Extracting text from PDF using starts with

Hello Everyone,

I’m trying to extract the specific fields from PDF file and the data is in a tabular format.

The data is like below

Where as the field values are not fixed so i need to find the index of field in the data-table and then extract the text present in next column.
Can anyone please suggest me of how to solve this issue.

did we try with READ PDF or READ PDF with OCR and get the output with a variable of type string which we can pass as input to REGEX expression so that we can get the value we want

Cheers @Shivaraju

I had tried with Read PDF text activity, but for some fields the value is getting in multiple lines. So i cannot use that activity. That’s y I had preferred data scraping.

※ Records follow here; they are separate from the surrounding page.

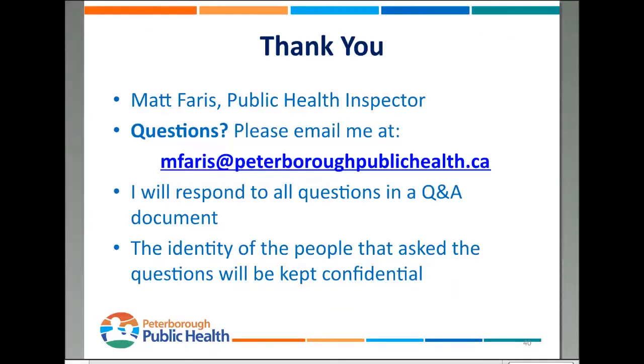If you do have any questions, please feel free to email me at mferris@peterboroughpublichealth.ca. I'll respond to all questions in a Q&A style document, which will be returned to your workplace. Anybody who asks questions, your names will be kept confidential and will not be included on the Q&A document or sent back to your workplace. If you'd prefer to call, my extension is 318, and the number is 705-743-1000 extension 318.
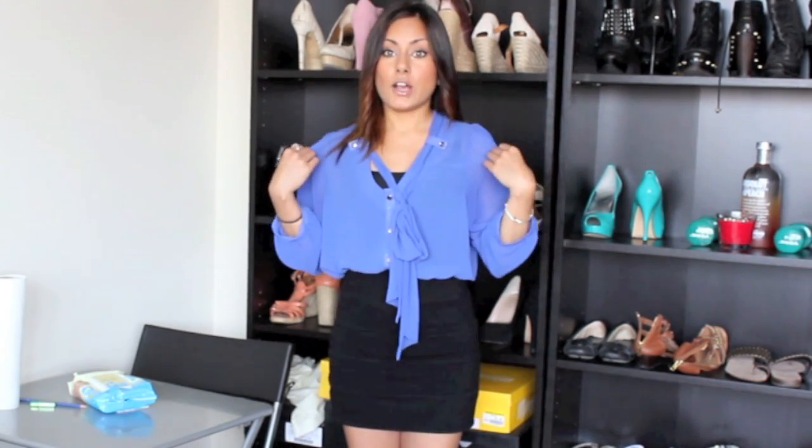So the shirt that I'm actually wearing is from Sirens. I'm pretty sure you guys have seen it in another video. But it is just a sheer, really pretty, like indigo kind of blouse. And I love that it has a little tie thing at the front. I just have it tucked in into this high-waisted black skirt from Aritzia. And I'm just wearing a camisole from Costa Blanca underneath — it's just a black camisole with some lace on the back.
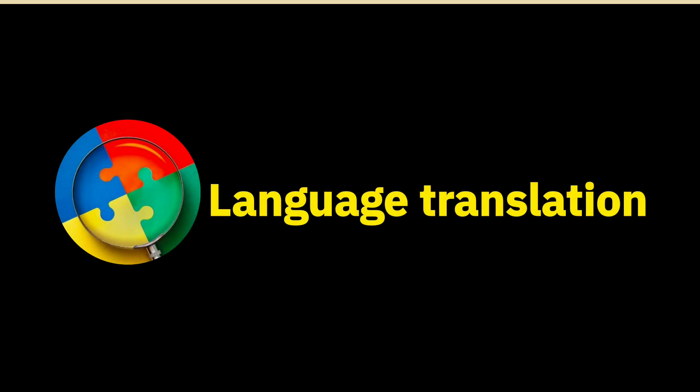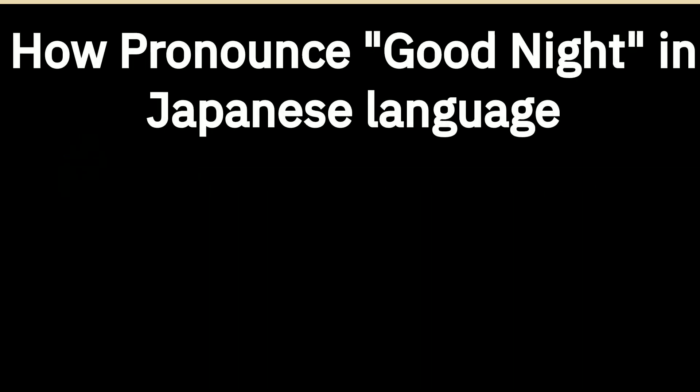Welcome to our multi-language pronunciation guide YouTube channel. How do you pronounce 'good night' in Japanese language?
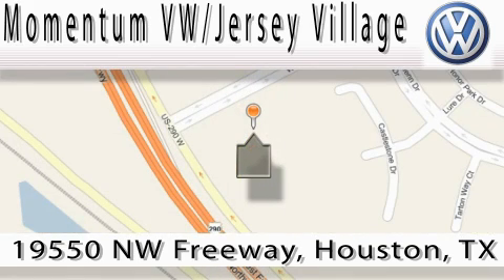Contact our internet department today or stop on by. We're easy to find — just take 290 West to the Eldridge Parkway exit.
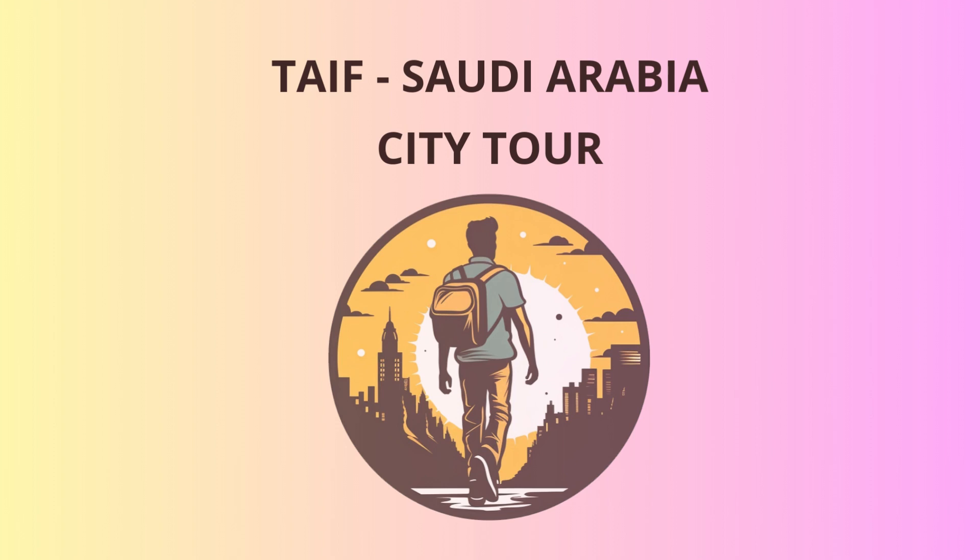Our adventure doesn't stop there. Time to visit the legendary Suk Okaz, where history and commerce come alive. In ancient times, this market was a hub for poets, traders, and storytellers. It's like stepping into a time machine, except you won't find any vending machines selling dates from the past. Try your bargaining skills with the friendly vendors, and they might share some jokes of their own, though their comedic timing might be as old as the souk itself.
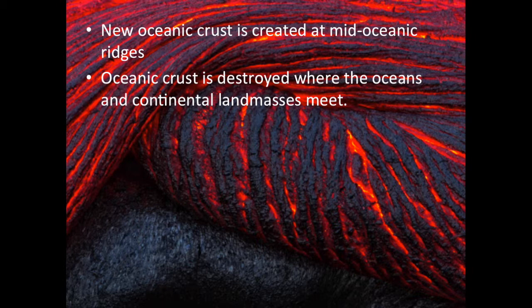Constant recycling keeps oceanic crust young. Neighboring plates can be pulling apart, pushing together, sliding past one another, or some combination of these motions. When two plates are pulling apart, magma rises from the mantle and forms new crust. Meanwhile, old crust is destroyed in subduction zones where two plates are pushing together and one sinks beneath the other. Sometimes neither plate sinks when plates push together and large mountains are formed, such as the Himalayas. Plates sliding past one another can get stuck, build up stress, and release that stress in the form of earthquakes.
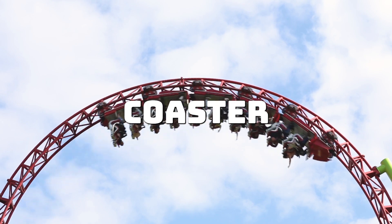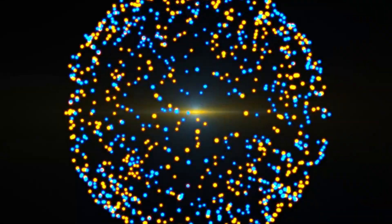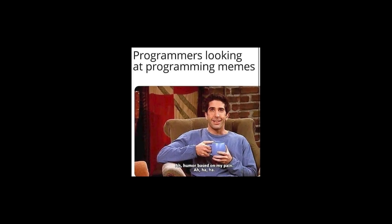Doomscrolling is like riding a roller coaster that only goes down. Coding is like riding that same roller coaster, but sometimes it goes up, and when it does, it's epic. Plus, every time you solve a problem, you get the dopamine hits you want. Not to mention, coding might actually get you somewhere in life.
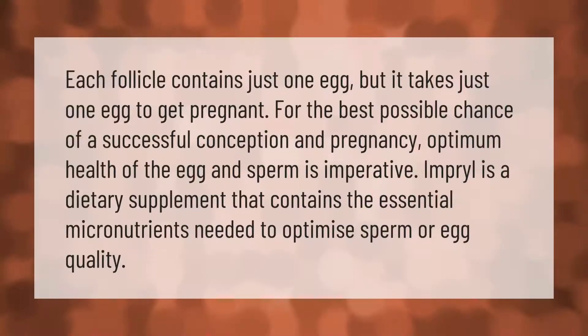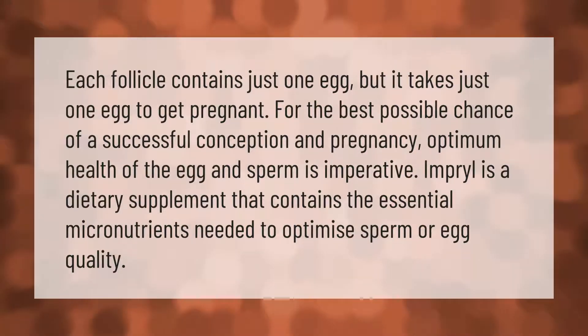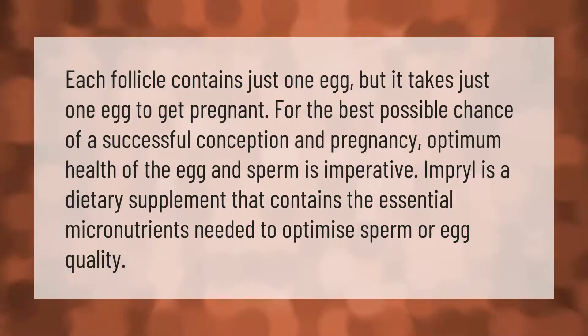Each follicle contains just one egg, but it takes just one egg to get pregnant. For the best possible chance of a successful conception and pregnancy, optimum health of the egg and sperm is imperative. Imperil is a dietary supplement that contains the essential micronutrients needed to optimize sperm or egg quality.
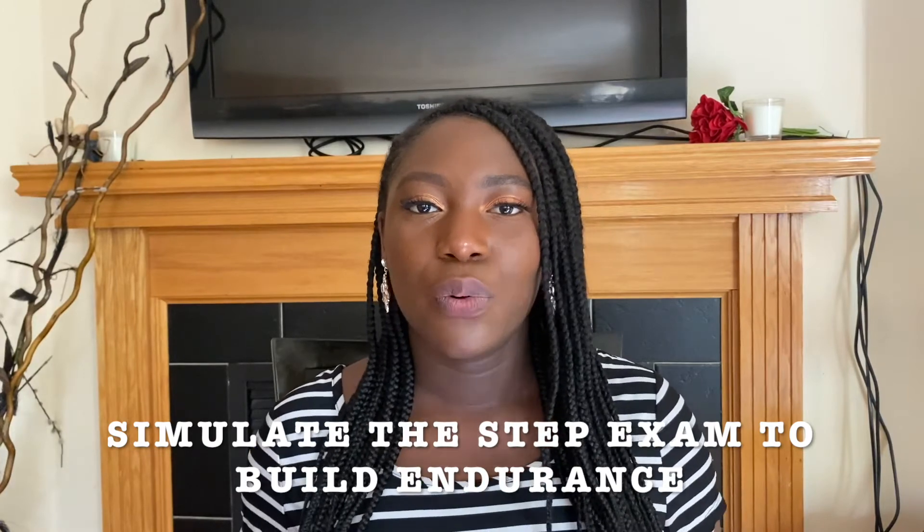Next, simulate the Step exam before you actually go for it. The Step 1 exam is eight hours long — seven hours of actual exam and one hour of break time. A week before your exam, set aside three days to simulate the exam. In those days, do seven UWorld blocks and plan it out as though you were writing the real exam, following your intended break schedule. Do this at least three times because the USMLE Step 1 is not just an educational exam — it's also an endurance exam, and you want to build up that mental endurance.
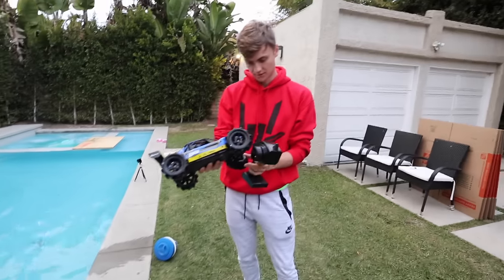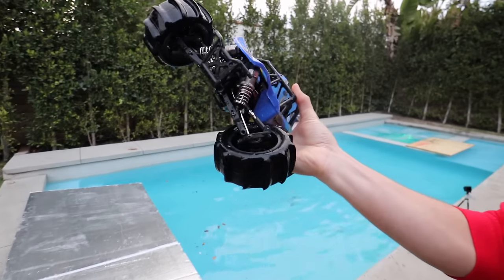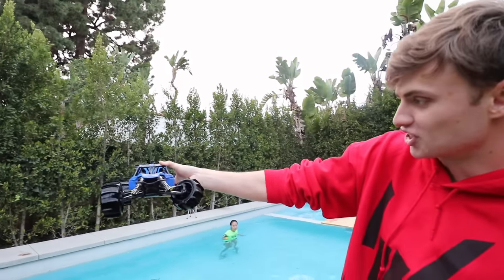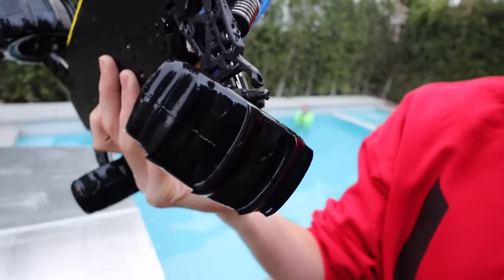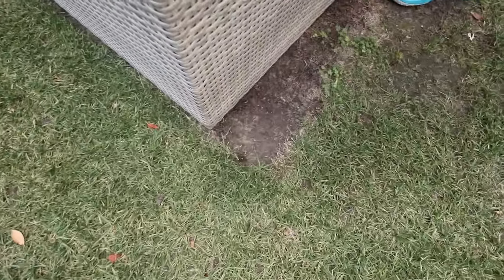Carter, we gotta push these couches aside so it has more landing room. Oh no, it broke! Oh no — look, the wheel broke! It didn't break because of the water, it broke because of the couch. It hit this couch so hard it moved it from there to there — it pushed the couch like four inches. Wow, that's crazy.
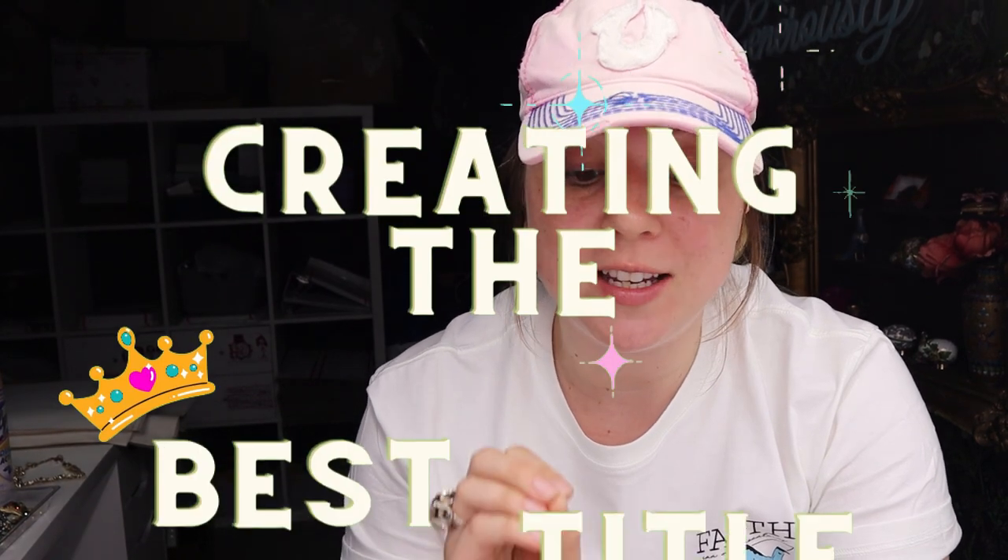Hey you guys, welcome back to my channel. My name is Rachel, also known as Lilyworks, and I am a full-time stay-at-home mom and part-time reseller on Poshmark, Mercari, eBay, Etsy, and eventually Whatnot. In this video we are going to be talking specifically about jewelry and how to list your jewelry with a really good title.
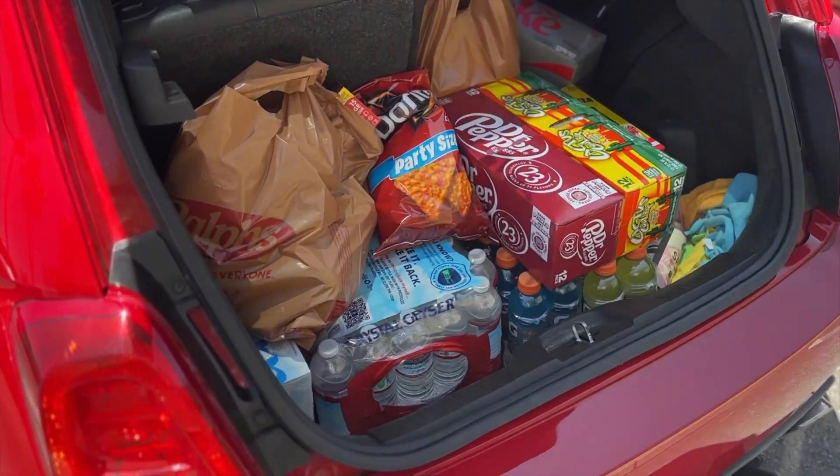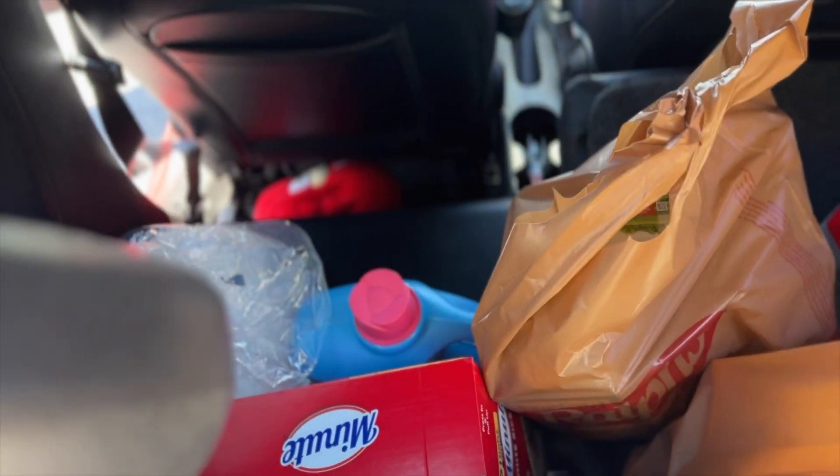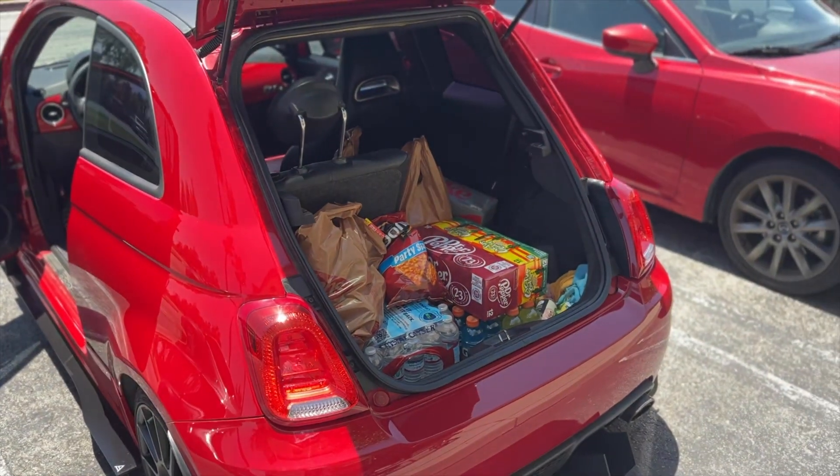Alright, so far so good! We got our Gatorades, sodas, and the rest of the food. I think we'll be okay with the Abarth — think it's gonna fit everything. And there we go — all fits! Grocery getter totally achieved!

yah data scrapping is fine unless we dont need to scroll down the pdf
else read pdf will help us and even it has multiple line we will be able to get the value we want
if possible can i have a screenshot of the output that we get from read pdf activities
use writeline activity and mention that as input so that we will be able to see the output

Cheers @Shivaraju

As far as now am able to get the required text from the PDF using data scraping.
Initially i had used read pdf text activity but unable to get the required text fields.
I’m on traveling, will share the sample of how the text is coming with read pdf text.
Can you tell me of how to find the index of string which starts with “street” in a datatable.

do we know the column where this value will be

The field will varies so am not depending on column name nor column index.
I had used row.itemArray.IndexOf(“street”)>1
Then i will get the row and column indexex.
But the problem is that in some cases the field is “Street name” or “street name :”
So i need to search the string starts with “street”.
I hope you understand what my problem is